----- LISTED RECORDS

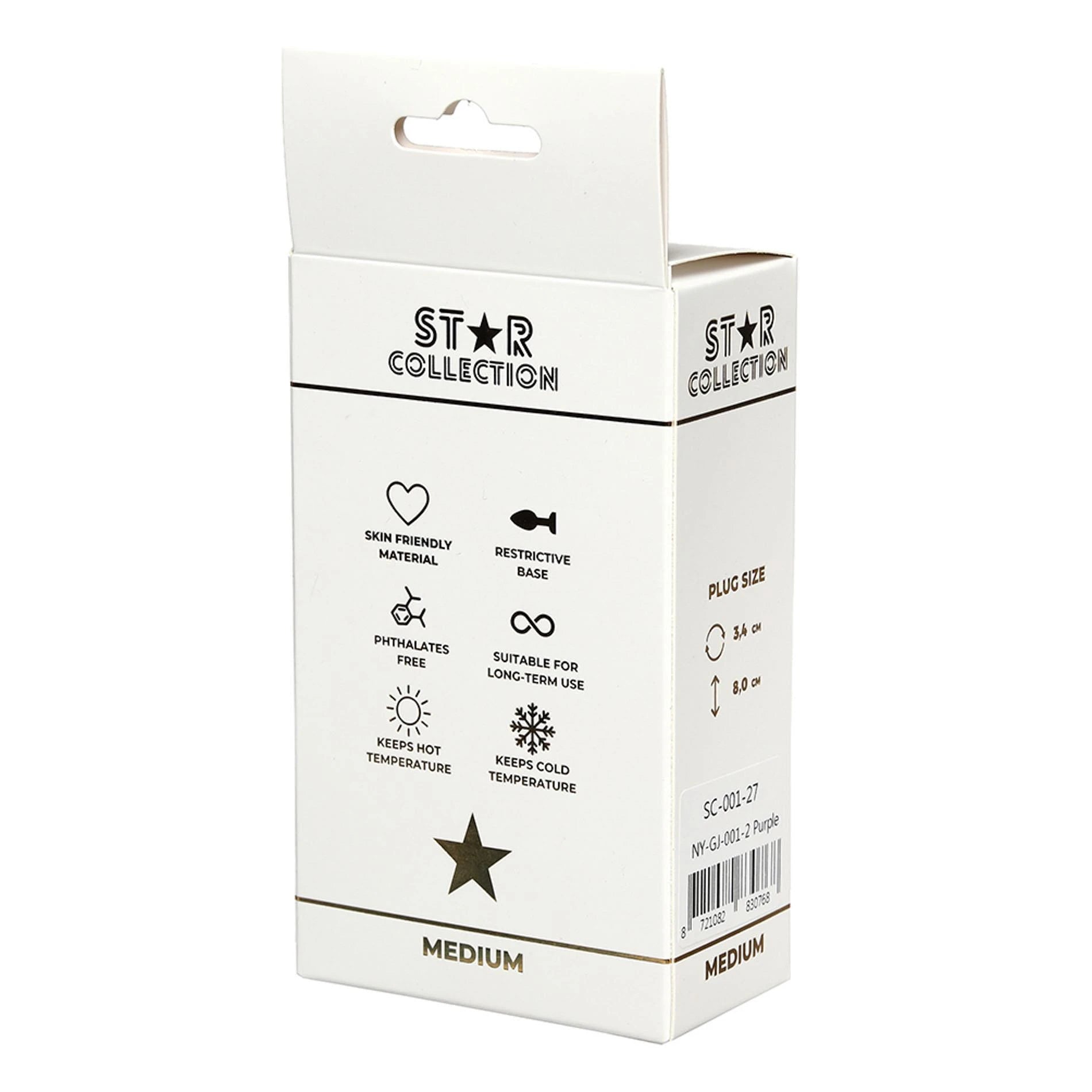 Star Collection - Purple Silicone Anal Plug M - Pink Stone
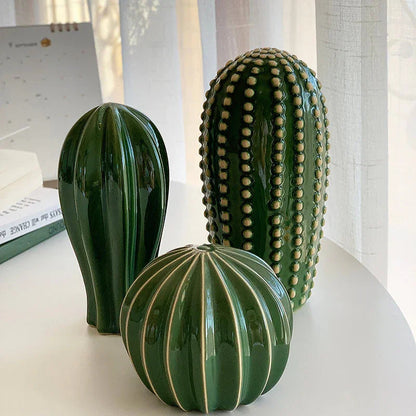 Woestijn Keramiek Cactusbeeldje - Modern Huisdecoratie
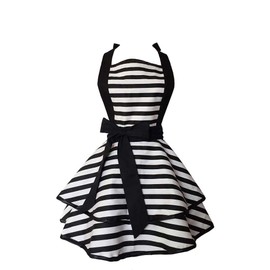 HAMILO Women's Frill Apron, Ribbon Tie, Adjustable Size, Length Approx. 27.2 inches (69 cm), multicolor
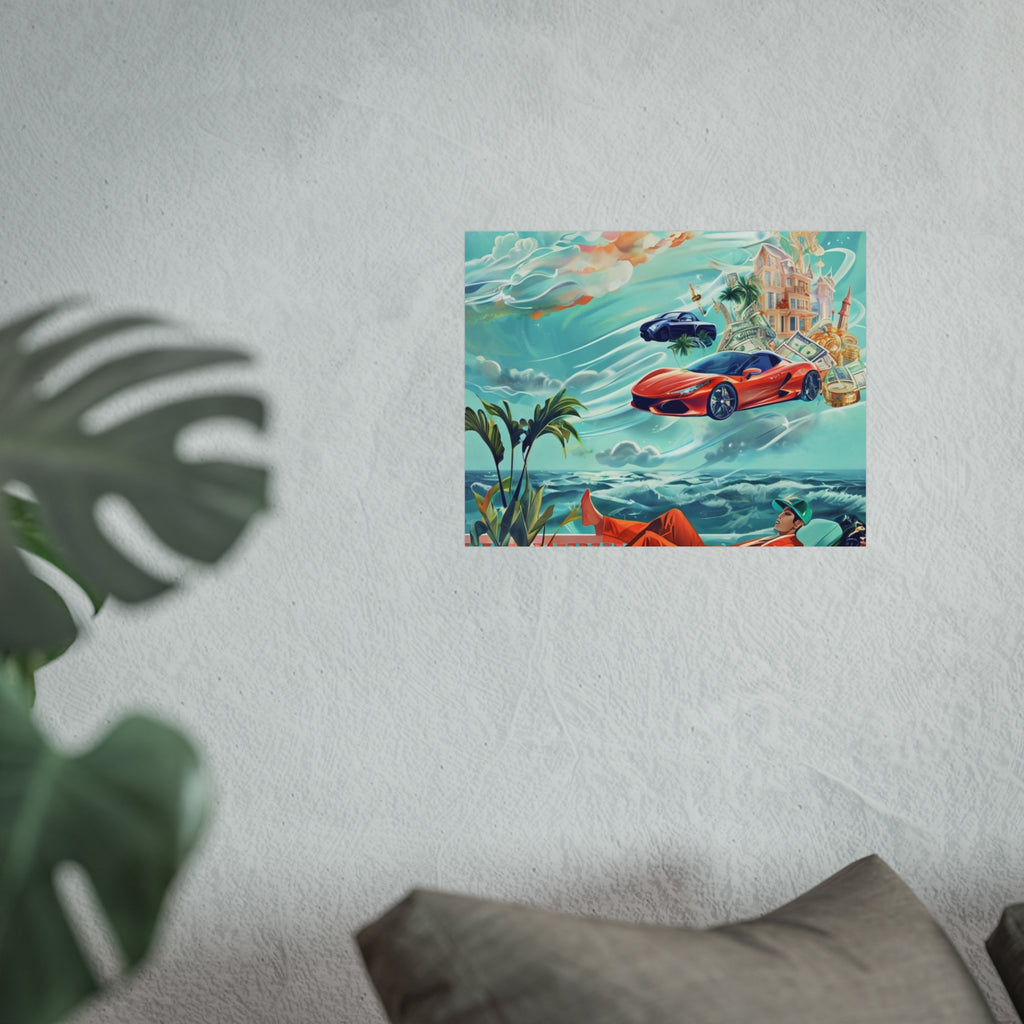 Surreal Coastline Art Poster — Dreamy Sports Car & Lounging Figure Print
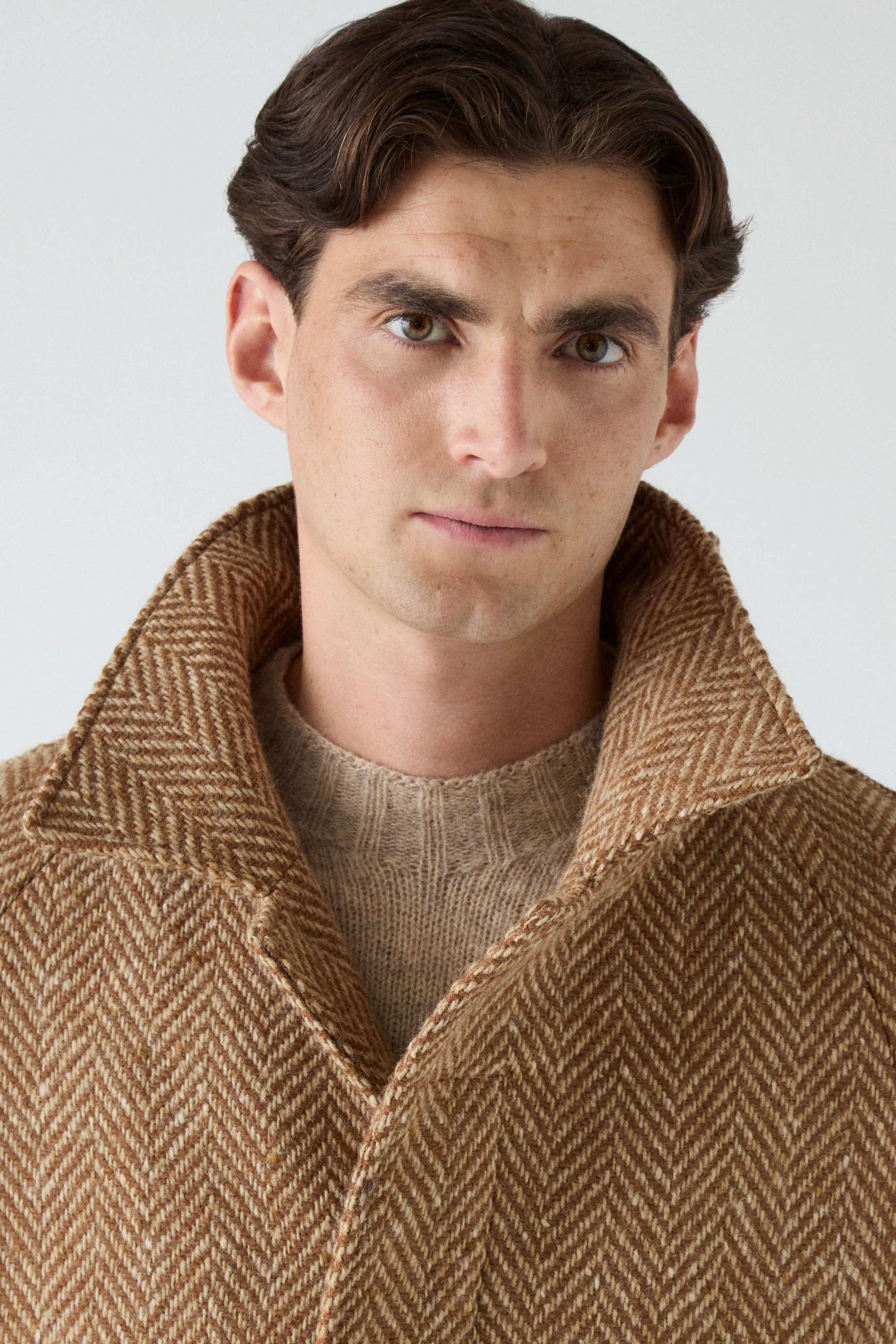 Reinforced Elbow Padding Lightweight Feel Nelson Tweed Raglan Coat - Cream/Camel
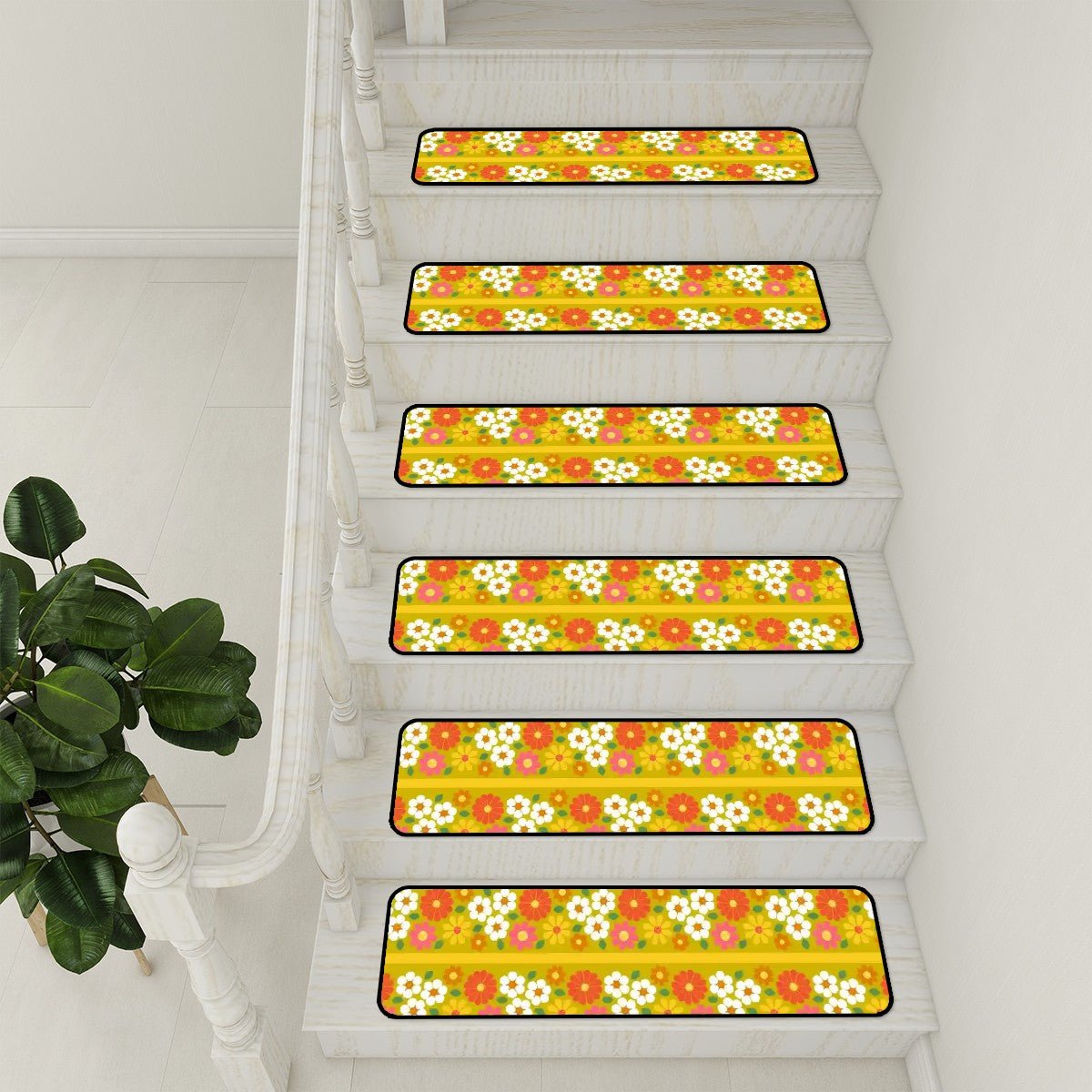 Kate McEnroe New York 70s Retro Floral Stair Treads, Mid Century Modern Daisy Non - Slip Carpet Strips, Vintage Groovy Flower Step CoversStair TreadsfyEGSkOsFT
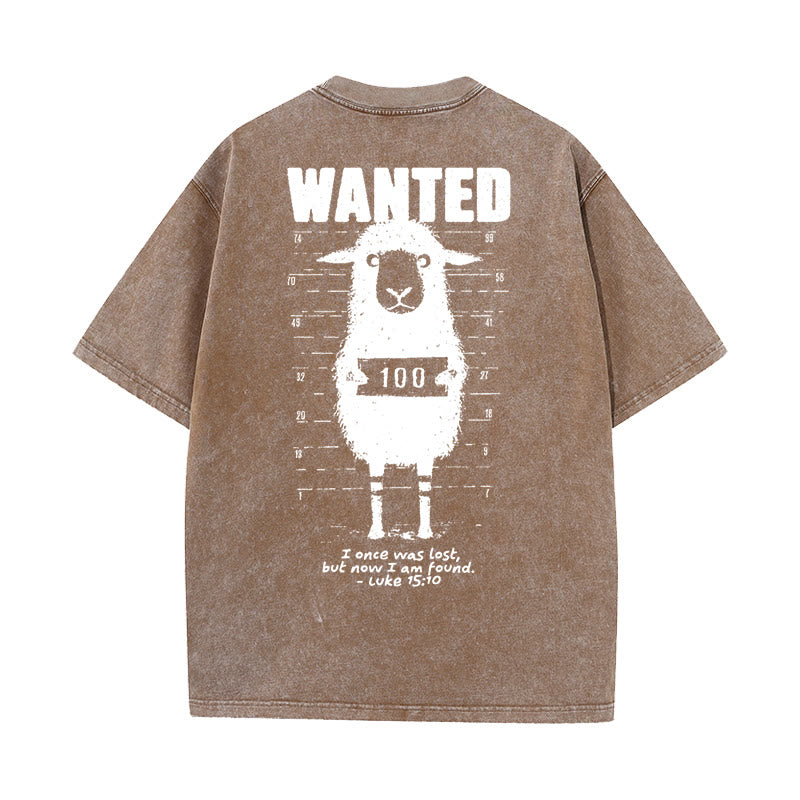 Christianartworkshop Wanted Sheep Unisex Washed T-shirt - Coffee - 5XL - image 18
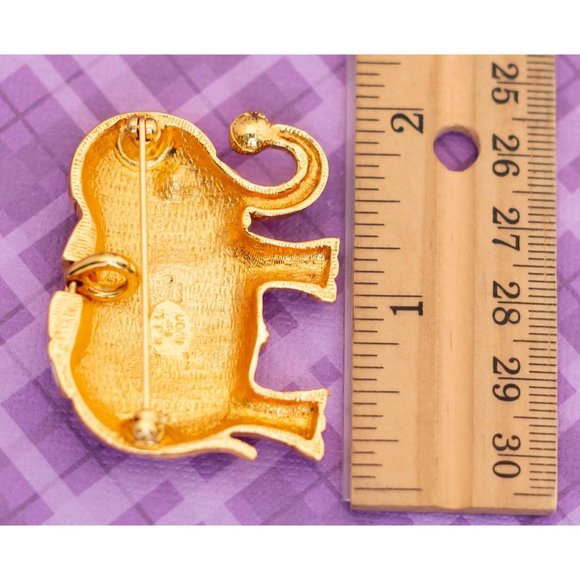 Vintage Gold Tone Decorative Elephant Rhinestones Brooch by K.J.L Avon - V11 - Picture 2 of 2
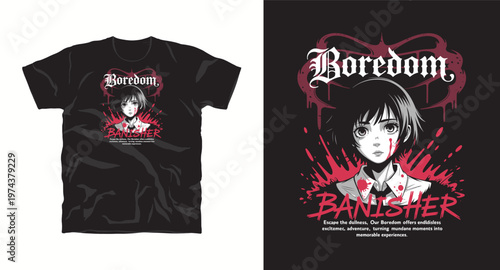 Boredom banisher t-shirt design with anime girl, dripping paint, and gothic typography.
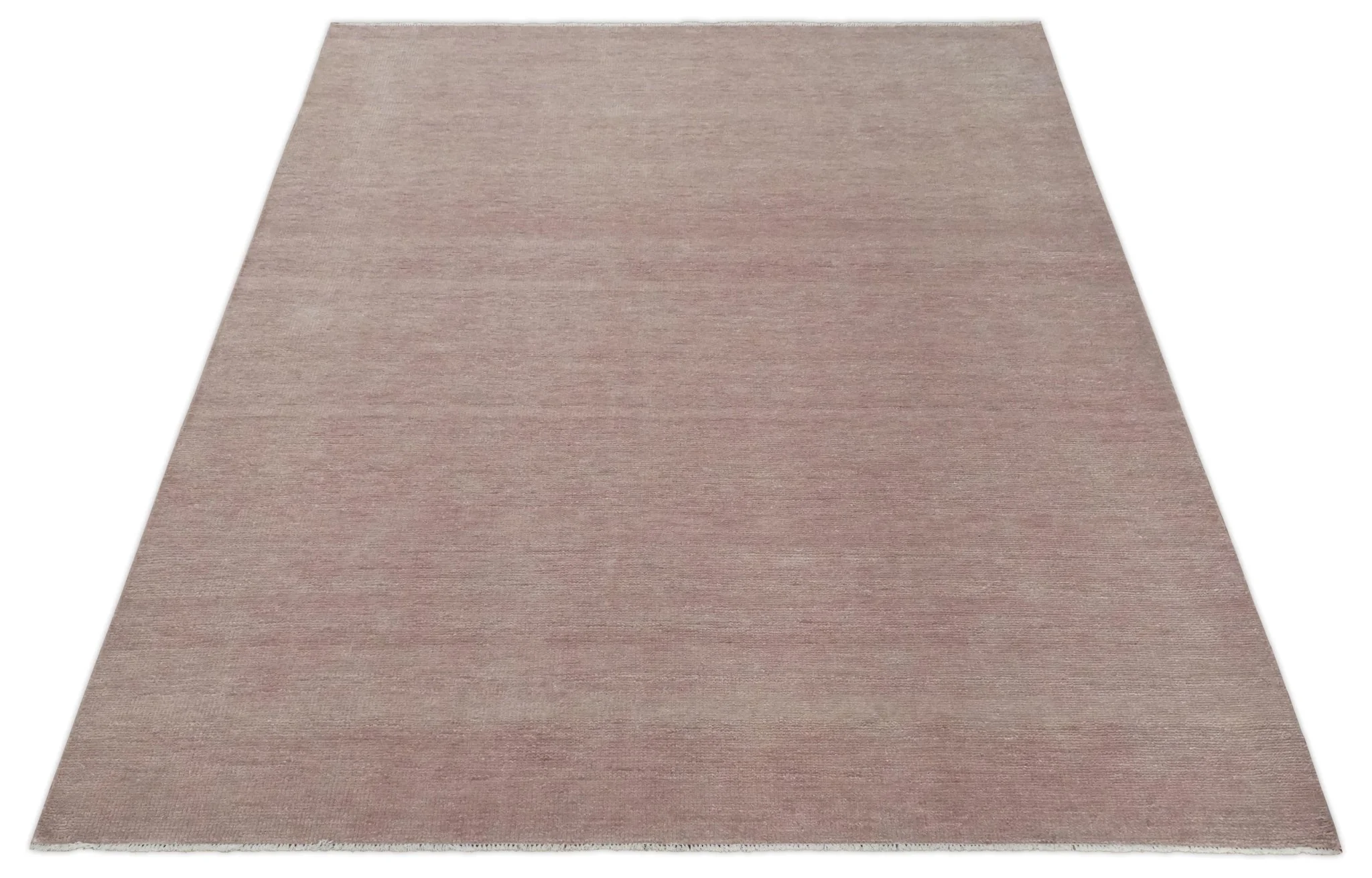 Contemporary Custom Made Modern Solid Peach Hand knotted Wool Area Rug - Image 10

----------

▶ **WHAT YOU NEED TO DO**
Repeat every line above precisely; pictures do not belong in the copy.

▶ **EXERCISE ANSWER**
 Star Collection - Purple Silicone Anal Plug M - Pink Stone
 Woestijn Keramiek Cactusbeeldje - Modern Huisdecoratie
 HAMILO Women's Frill Apron, Ribbon Tie, Adjustable Size, Length Approx. 27.2 inches (69 cm), multicolor
 Surreal Coastline Art Poster — Dreamy Sports Car & Lounging Figure Print
 Reinforced Elbow Padding Lightweight Feel Nelson Tweed Raglan Coat - Cream/Camel
 Kate McEnroe New York 70s Retro Floral Stair Treads, Mid Century Modern Daisy Non - Slip Carpet Strips, Vintage Groovy Flower Step CoversStair TreadsfyEGSkOsFT
 Christianartworkshop Wanted Sheep Unisex Washed T-shirt - Coffee - 5XL - image 18
 Vintage Gold Tone Decorative Elephant Rhinestones Brooch by K.J.L Avon - V11 - Picture 2 of 2
 Boredom banisher t-shirt design with anime girl, dripping paint, and gothic typography.
 Contemporary Custom Made Modern Solid Peach Hand knotted Wool Area Rug - Image 10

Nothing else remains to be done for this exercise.